LyondellBasell has launched certain initiatives toward plastic waste sustainability. In its transition toward a circular economy while adding sustainable products to its portfolio, LyondellBasell has unveiled new specialty products.
- Already known for its specialty polymers across the world, the company launched its Circulen family of recycled and renewable-based polymers in April 2021 to help brand owners improve the sustainability of their consumer products.
- Circulen polymers are currently available in Europe, and they will soon be introduced in North America and mainland China.
- It also announced its goal of producing and marketing 2 million metric tons per year (MMt/y) of recycled and renewable-based polymers by 2030.
- In June 2021, LyondellBasell, Dow, and Nova Chemicals established the Closed Loop Circular Plastics Fund to invest in scalable plastics recycling technologies, equipment upgrade, and infrastructure solutions in the United States (US) and Canada through a mix of debt and equity financing.

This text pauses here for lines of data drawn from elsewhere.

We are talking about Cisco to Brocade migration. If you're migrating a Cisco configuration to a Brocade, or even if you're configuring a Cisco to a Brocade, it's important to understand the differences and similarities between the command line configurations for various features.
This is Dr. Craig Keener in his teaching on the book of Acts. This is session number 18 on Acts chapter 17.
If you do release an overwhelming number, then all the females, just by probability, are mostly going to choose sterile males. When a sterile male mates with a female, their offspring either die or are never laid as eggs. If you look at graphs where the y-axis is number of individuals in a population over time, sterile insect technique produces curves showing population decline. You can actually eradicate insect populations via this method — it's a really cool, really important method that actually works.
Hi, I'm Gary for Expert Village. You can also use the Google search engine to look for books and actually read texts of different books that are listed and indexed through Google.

- In 2017, it acquired a 50% stake in Quality Circular Polymers (QCP), a Netherlands-based polymer recycler. In December 2020, LyondellBasell and Suez acquired Tivaco, a plastics recycler in Blandain, Belgium and merged it into QCP.

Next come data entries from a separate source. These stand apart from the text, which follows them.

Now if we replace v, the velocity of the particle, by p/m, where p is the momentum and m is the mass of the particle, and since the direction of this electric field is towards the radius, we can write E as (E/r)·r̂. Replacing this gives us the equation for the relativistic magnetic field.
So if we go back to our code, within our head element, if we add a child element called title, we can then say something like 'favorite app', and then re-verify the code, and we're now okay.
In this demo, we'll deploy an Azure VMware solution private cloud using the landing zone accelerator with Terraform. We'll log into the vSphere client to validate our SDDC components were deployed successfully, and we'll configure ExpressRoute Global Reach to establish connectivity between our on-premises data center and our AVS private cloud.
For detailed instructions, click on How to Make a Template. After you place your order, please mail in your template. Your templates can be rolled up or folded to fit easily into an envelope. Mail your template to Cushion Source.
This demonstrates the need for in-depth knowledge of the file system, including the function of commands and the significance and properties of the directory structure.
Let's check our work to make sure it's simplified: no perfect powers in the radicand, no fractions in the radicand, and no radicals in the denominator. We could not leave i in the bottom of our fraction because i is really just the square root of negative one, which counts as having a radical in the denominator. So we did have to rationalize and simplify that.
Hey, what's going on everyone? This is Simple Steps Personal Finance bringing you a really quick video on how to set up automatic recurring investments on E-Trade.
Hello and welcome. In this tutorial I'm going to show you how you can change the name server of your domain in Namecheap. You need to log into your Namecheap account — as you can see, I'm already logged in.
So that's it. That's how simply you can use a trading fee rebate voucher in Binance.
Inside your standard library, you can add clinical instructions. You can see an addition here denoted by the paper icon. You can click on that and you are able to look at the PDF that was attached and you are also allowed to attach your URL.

- In 2020, LyondellBasell brought online a pilot facility Ferrara, Italy, based on the company's MoReTec chemical recycling technology.
ExxonMobil joins plastic recycling effort, tests advanced recycling of plastic waste in the US
Due to an increased focus on environmental, social, and corporate governance (ESG), most of the oil-producing companies have raised their targets towards net-zero emissions and are doing efforts to add into this climate sustainability drive.

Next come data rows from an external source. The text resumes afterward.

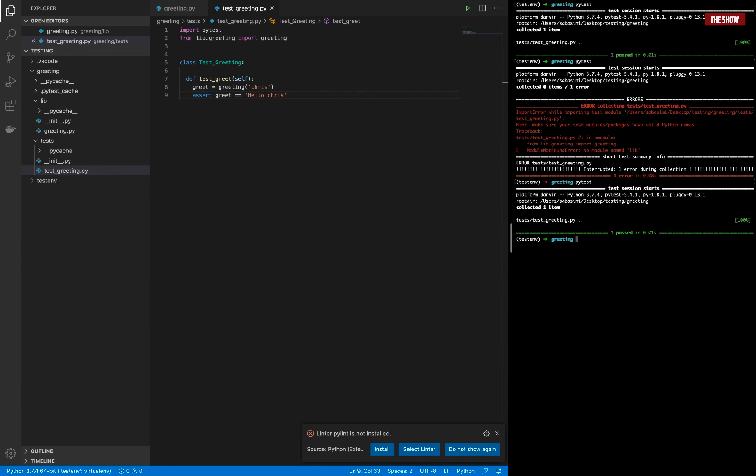This is just a basic introduction into how to set up pytest for your Python application. If you want a more advanced tutorial, let me know and I can certainly teach you how to use pytest to test your Python application. That's it for me — thanks for watching!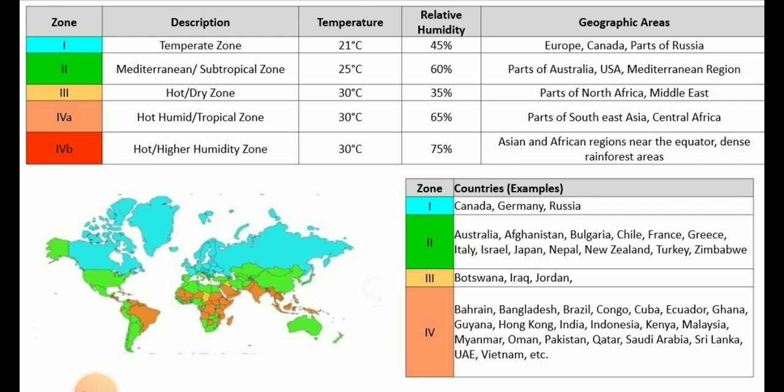Zone 1 is called the temperate zone. The mean kinetic temperature in this region is 21°C and relative humidity is 45%. Geographic areas in zone 1 are Europe, Canada, and parts of Russia. Zone 2 is the Mediterranean or subtropical zone. The mean kinetic temperature in this zone is 25°C and relative humidity is 60%. The geographic areas covered are parts of Australia, USA, and the Mediterranean region.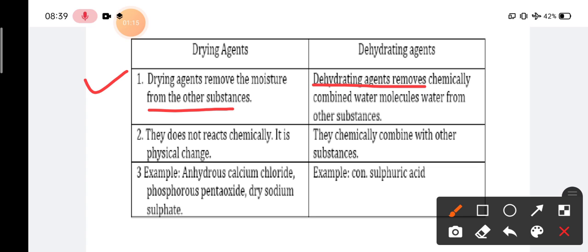A dehydrating agent removes chemically combined water molecules from other substances. Dehydrating agents extract or remove water chemically from a chemical compound. In the case of a drying agent, it only removes the outer moisture from the molecule. Drying agents do not react chemically — it is a physical change.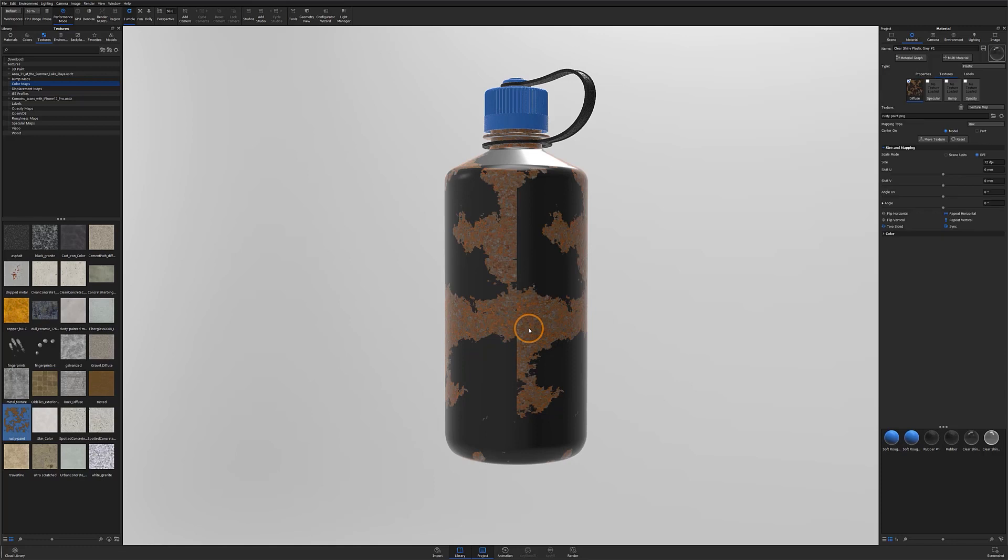To get started, make sure you have your texture applied to your model and either the texture sub tab open in the project panel or your material graph open.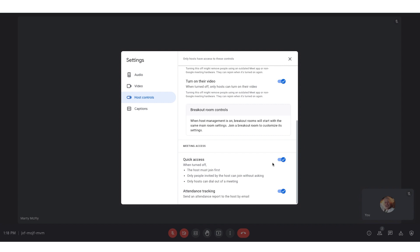Lastly, and probably one of my favorite settings, is attendance tracking. This means that at the end of my meeting, I will get a Google Sheet with the first and last name, email address, and the duration of time that each individual was on my meeting.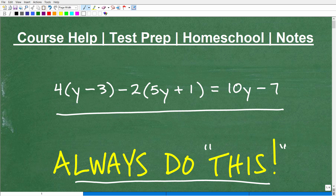But first, let me quickly introduce myself. My name is John. I'm the founder of Tablet Class Math. I'm also a middle and high school math teacher. If you want to check out my math help program, I'm going to leave a link to it in the description of this video. I focus on teaching middle school, high school, and college-level mathematics — basically first-year college. My courses range from pre-algebra to pre-calculus and everything in between.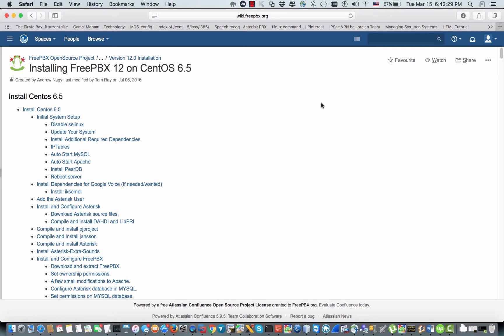Hey guys, welcome back to Seldon Tutorials. My name is Ahmad and today in this video, I would like to install FreePBX 12 on CentOS 6 with Asterisk 13.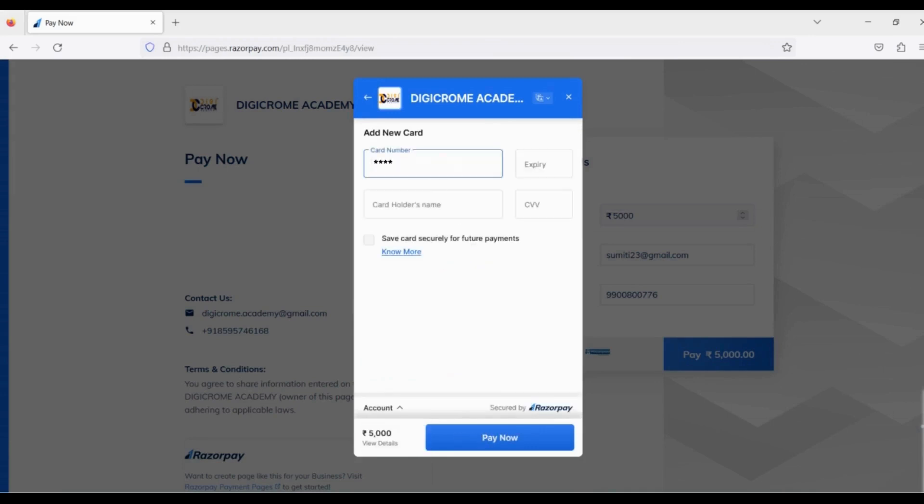Select your debit card or credit card, then fill your card details below like card number, expiry date, and CVV.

In March 2021, ExxonMobil, completed the initial phase of a plant trial of an advanced recycling process for converting plastic waste into raw materials for the production of polymers. The company intends to use results from the trial at existing facilities in Baytown, Texas, to scale up advanced recycling capabilities at other global facilities. ExxonMobil is targeting to establish a circular solution for converting difficult-to-recycle plastic waste into feedstocks for virgin-quality plastics. After the successful completion of the next phase of the Baytown plant trial, ExxonMobil Chemical plans to market commercial volumes of certified circular plastics later this year.
- ExxonMobil has also partnered with Plastic Energy in France-an advanced recycling leader, to collaborate on a post-consumer plastic waste recycling project. Both the companies are planning to set-up a facility with capacity of 25,000 metric tons of plastic waste a year, converting it to raw material for circular polymers. This project is among one of the largest recycling projects in Europe.
- ExxonMobil and Agilyx formed a joint venture, namely the Cyclyx International, to develop solutions for aggregating and preprocessing large volumes of plastic waste that can be converted into feedstocks. ExxonMobil holds a 25% equity interest in Cyclyx with Agilyx owning the remaining 75%. Cyclyx will help supply ExxonMobil's advanced recycling projects and aims to do the same for other customers.